R. Blakeslee Gilpin’s John Brown Still Lives! is an ambitious, persuasive study of the historical role that the popular memory of the martyred abolitionist has played in America in times of social tension, notably during episodes when “long-standing hierarchies of race, class, and gender” have been at issue (2). Indebted to David Blight’s path-breaking research on the collective memory of the Civil War and John Stauffer’s work on Brown, Gilpin’s readable, sometimes witty, study of Brown’s social memory won the C. Vann Woodward Dissertation Prize of the Southern Historical Association.

His thesis is straightforward if, as his subtitle implies, complex. Hanged by the state of Virginia on December 2, 1859, for crimes arising from his abortive attempt to free Virginia’s slaves by seizing Harpers Ferry, John Brown has been used repeatedly through the generations since that “invasion” as a “dynamic platform” for discussions involving the confrontation of violence and egalitarianism disputes that portended dramatic change (1, 2). Gilpin says the episodes he relates reveal that “amnesia, hypocrisy, and conservatism still define America’s perpetual negotiations with its founding principles” (2). But if Americans have long defended social hierarchies, as he claims, they have also repudiated privileged orders, as he shows. Quoting Barack Obama’s The Audacity of Hope, Gilpin acknowledges that the “spirit of liberty” proclaimed in Jefferson’s Declaration of Independence did not presumably extend to slaves (194).
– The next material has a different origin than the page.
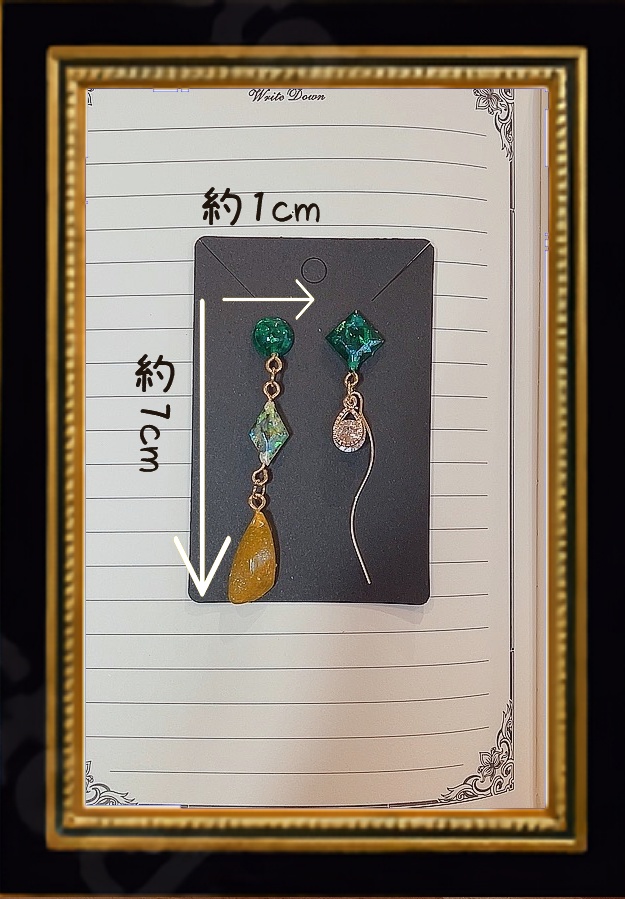 【描き変える記憶】ジェノの耳飾り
Given the role that the founders’ principles ostensibly played in the tumultuous years after Brown’s death, Gilpin might have articulated those revered doctrines more explicitly.

Gilpin has thought carefully about his method. He states that recent Brown biographies have shown “the inherent limitations and diminishing returns of biography” (5). Consequently, he avoids “purely biographical explanations in order to explore Brown’s place in America’s historical memory” (6). But it is unclear to this reader how that distinction helps when he turns to narrating Brown’s antislavery career.
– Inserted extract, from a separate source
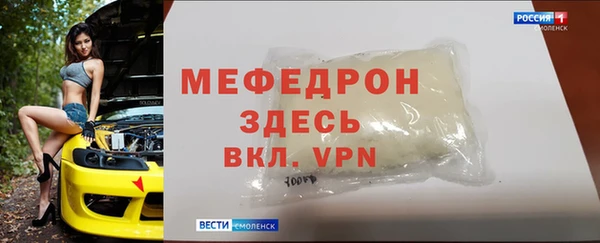 mix Абаза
Thus Gilpin devotes chapter 1 to Brown’s “Early Life,” noting his “long series of catastrophic business failures” and claiming (mistakenly) that Brown’s “true radicalization seemed to coincide with his most severe financial disappointments” (12–13). In chapter 2, Gilpin traces Brown’s role in the struggle to win Bleeding Kansas for the Free Soil cause. He summarizes the “brutal escapade on the Pottawatomie” in which Brown directed a small party of free-state volunteers in slaying five unarmed proslavery settlers with broadswords on a Sabbath night in 1856, in what Brown claimed was a preemptive strike. Soon after, a young Scots journalist, James Redpath, began to “manipulate the old man’s protomythic stature,” Gilpin says, and Brown’s “overwhelming talent for manipulating his own symbolism” enabled him to “embody, in some grand sense, abolitionism”(28–29).
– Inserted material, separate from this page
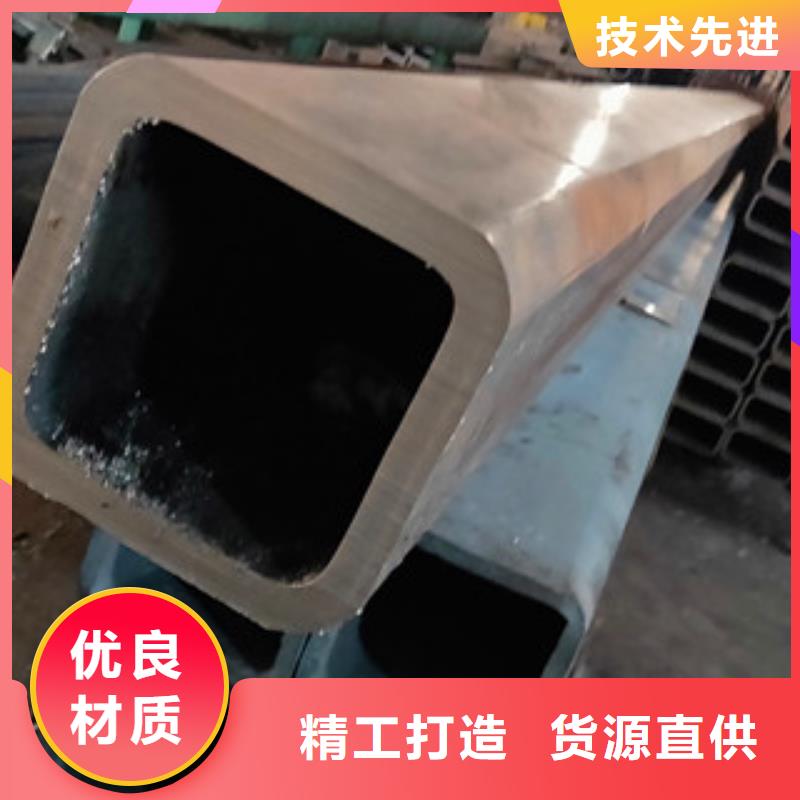 無縫方管全國送貨上門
Chapter 3 narrates the Harpers Ferry raid, “the launching pad for Brown’s immortality” (33). In light of Gilpin’s focus on the popular memory of John Brown, it is perhaps not surprising that his treatment of the raid is quite spare. But brevity here leads to distortions in our reading of Brown’s behavior and purpose. Gilpin suggests, for example, that during the first night of the raid, Brown sent out a party to spread word [End Page 532] among the slaves that “their liberator awaited them” (38). In fact, Brown had ordered his party to seize Col. Lewis W. Washington, a great-grandnephew of George Washington and the most prominent citizen in the area. Brown wanted not only Washington but his treasured heirloom sword and brace of pistols, which to Brown symbolized the American Revolution; he planned to wield these openly during the raid.

On returning to Harpers Ferry, Brown’s party arrested another slaveowner, one John Allstadt, and his eighteen-year-old son, John Thomas Allstadt. The recollections of the latter recorded by a researcher fifty years...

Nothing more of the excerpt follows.